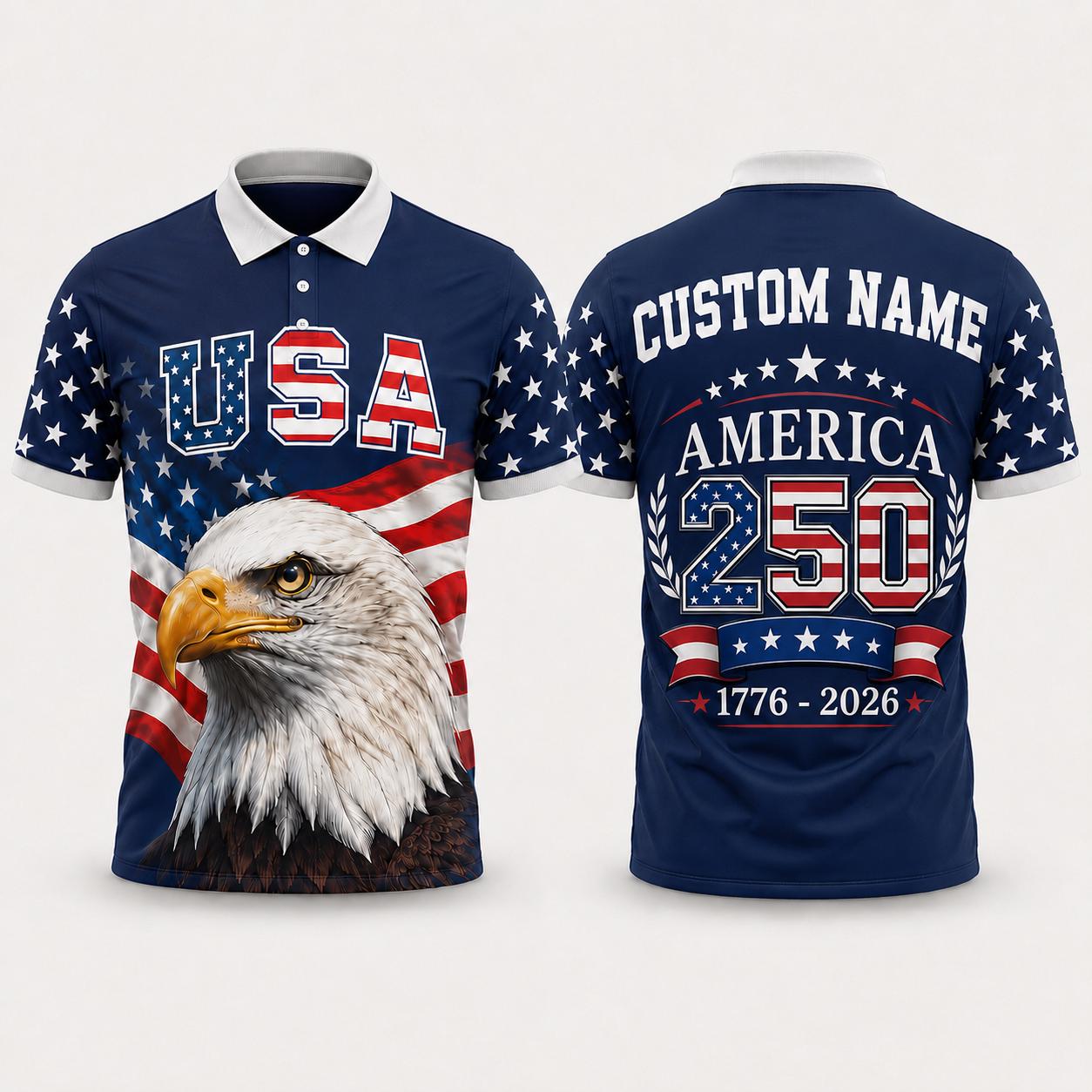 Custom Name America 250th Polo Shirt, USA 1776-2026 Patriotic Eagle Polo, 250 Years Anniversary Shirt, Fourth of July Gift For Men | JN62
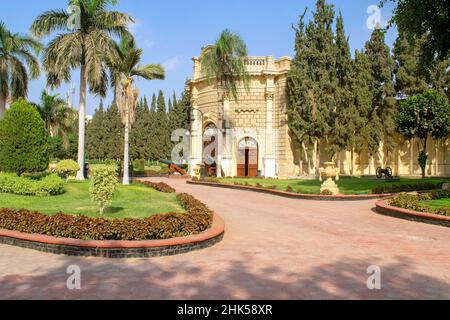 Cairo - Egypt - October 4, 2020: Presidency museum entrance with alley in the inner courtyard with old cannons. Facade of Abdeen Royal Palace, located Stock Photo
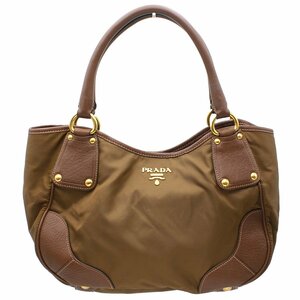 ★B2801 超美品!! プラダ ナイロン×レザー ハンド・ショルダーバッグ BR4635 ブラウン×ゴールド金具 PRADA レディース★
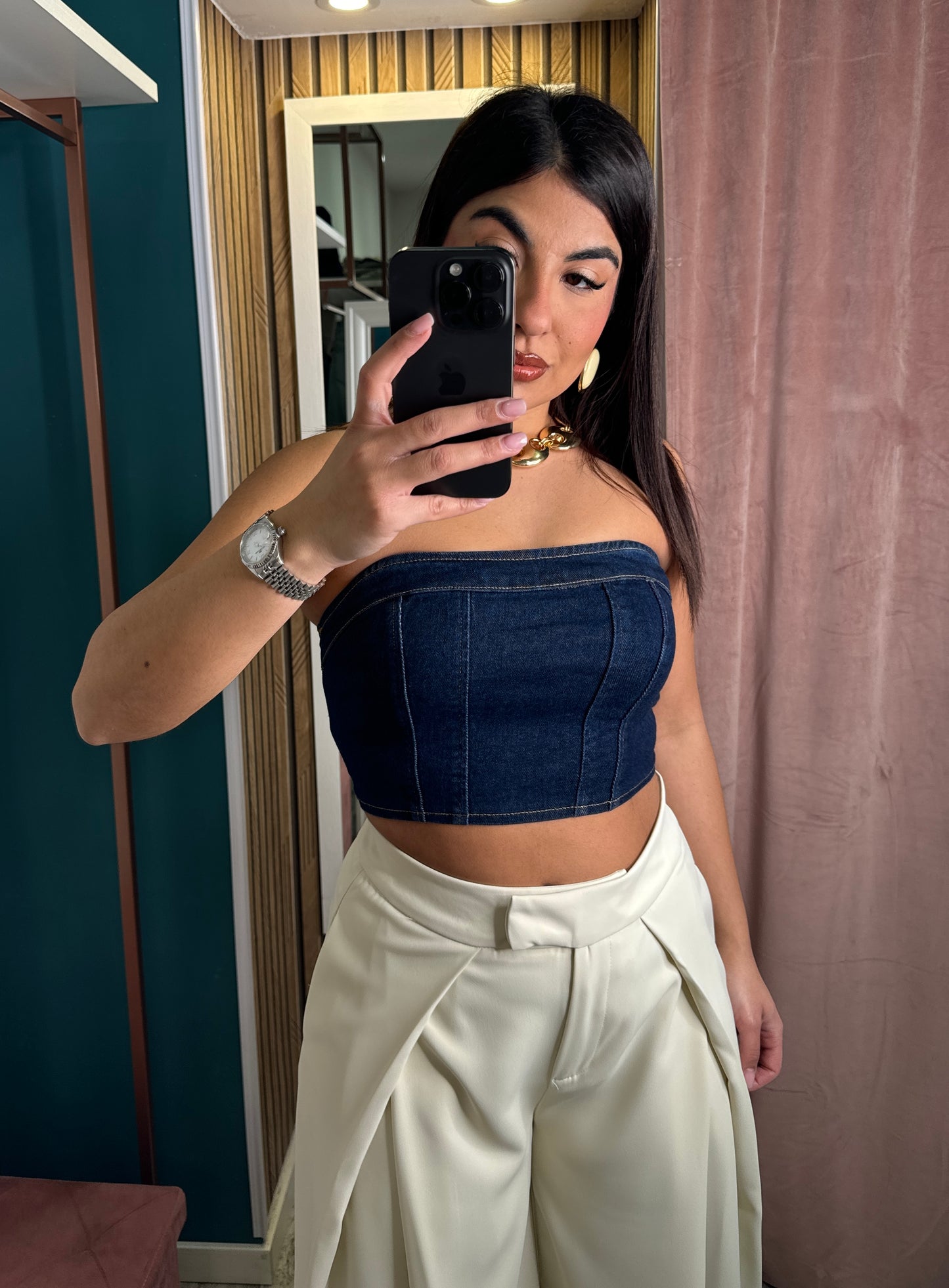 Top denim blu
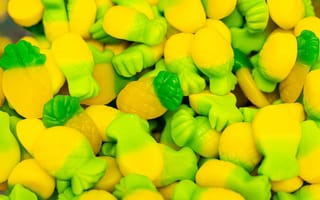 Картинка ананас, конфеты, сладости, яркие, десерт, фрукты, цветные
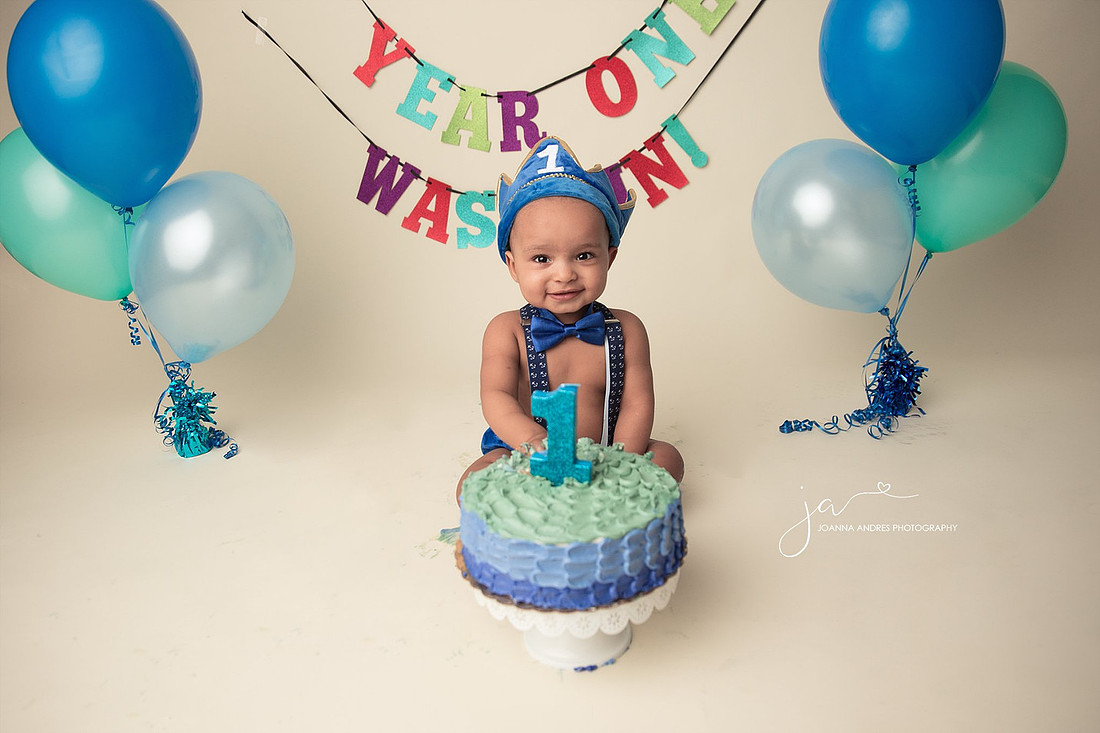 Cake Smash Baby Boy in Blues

• • • • •

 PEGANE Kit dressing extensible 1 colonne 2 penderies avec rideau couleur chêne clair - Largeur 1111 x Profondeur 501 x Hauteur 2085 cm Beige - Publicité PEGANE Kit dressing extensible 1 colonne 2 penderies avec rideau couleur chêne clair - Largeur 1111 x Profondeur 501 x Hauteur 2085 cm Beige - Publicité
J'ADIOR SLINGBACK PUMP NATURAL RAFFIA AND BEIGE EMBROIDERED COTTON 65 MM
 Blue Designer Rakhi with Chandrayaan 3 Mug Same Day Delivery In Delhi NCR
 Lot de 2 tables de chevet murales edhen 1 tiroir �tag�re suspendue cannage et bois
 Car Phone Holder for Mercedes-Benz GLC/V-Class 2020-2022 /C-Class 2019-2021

• • • • •

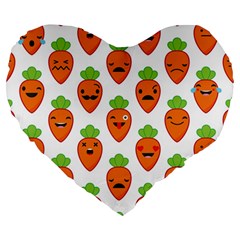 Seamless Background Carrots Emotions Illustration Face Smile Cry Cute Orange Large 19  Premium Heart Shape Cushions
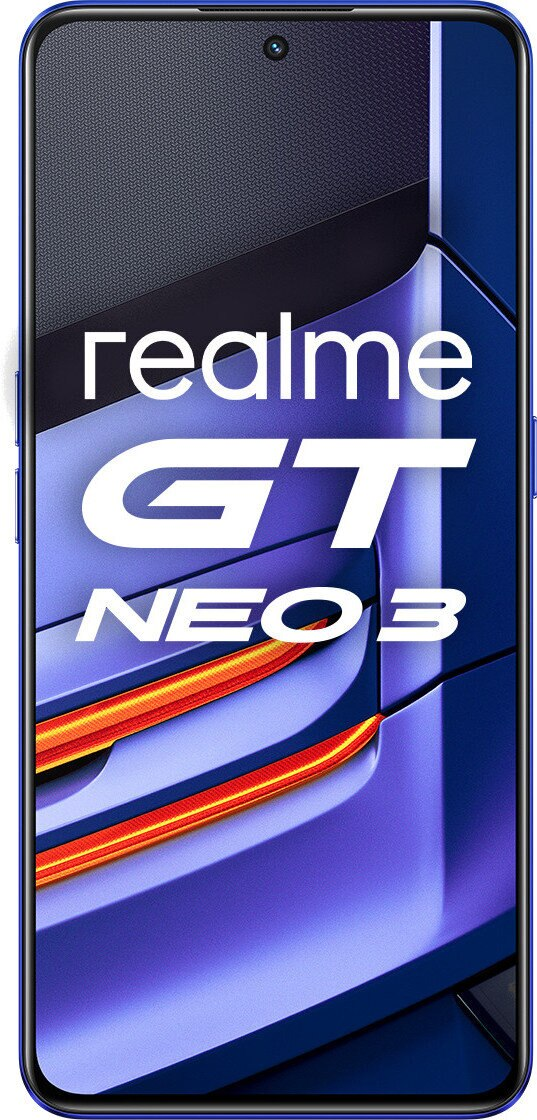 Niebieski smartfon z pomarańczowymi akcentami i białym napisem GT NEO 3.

• • • • •

# [Problem to solve]
Beginning with the line holding "Lot de 2 tables" and ending with the line holding "Car Phone Holder", write out the stretch of material above exactly; add no further lines.

# [The answer]
 Lot de 2 tables de chevet murales edhen 1 tiroir �tag�re suspendue cannage et bois
 Car Phone Holder for Mercedes-Benz GLC/V-Class 2020-2022 /C-Class 2019-2021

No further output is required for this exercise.